# He licked my coffee cup!



## PixelRabbit (May 25, 2012)

So I was out on the deck at sunset enjoying a coffee an ran inside for a minute to grab something.  The cats  were freaking out following something along the front of the house so I  went to check why.... 


It was a porcupine and he came up on the deck and licked my  coffee cup!! Thank goodness I ran inside for a second *phew* (reminds self to stop leaving that out there and coming  back for a drink lol)




He lumbered around then headed off the deck.  Looked like a pretty young fella.





After he was off the deck and at a safer distance I went outside, he turned and walked towards me ! I was ready to make a quick retreat if he turned his prickly side to me lol





But he didn't, he just stopped to smell the flowers as he lumbered away


----------



## dxqcanada (May 25, 2012)

Ah man ... I have yet to really see a porcupine. 
So far the only one I have really encountered was along the road chewing on a road barrier while we were driving by.


----------



## BlackSheep (May 25, 2012)

That's awesome! Porcupines are so cool, I loved working with them back when I was a volunteer at the local wildife shelter. They have so much personality.






ETA for the above video - turn speakers on - the audio is very funny!


----------



## PixelRabbit (May 25, 2012)

Aw dxqcanada, I've seen them a few times and they are always so nonchalant and I think they are awfully cute lol 
BlackSheep thanks, that is beyond cool that you got to work with wildlife and these guys like that! OMG that video is adorable!
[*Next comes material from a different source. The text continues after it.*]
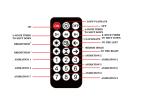 Remote Control RGB Programmable Display , Shop Window Advertising LED Soft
Thanks for posting it


----------



## BlackSheep (May 25, 2012)

Glad you liked Teddy! Apparently he's quite the youtube star:






Got any corn & champagne for yours? That would make for some interesting photos....lol


----------



## PixelRabbit (May 26, 2012)

Lol that one is awesome too BlackSheep  
Taking the licking of my cup into account perhaps coffee and a donut instead of corn and champagne ? Lol


----------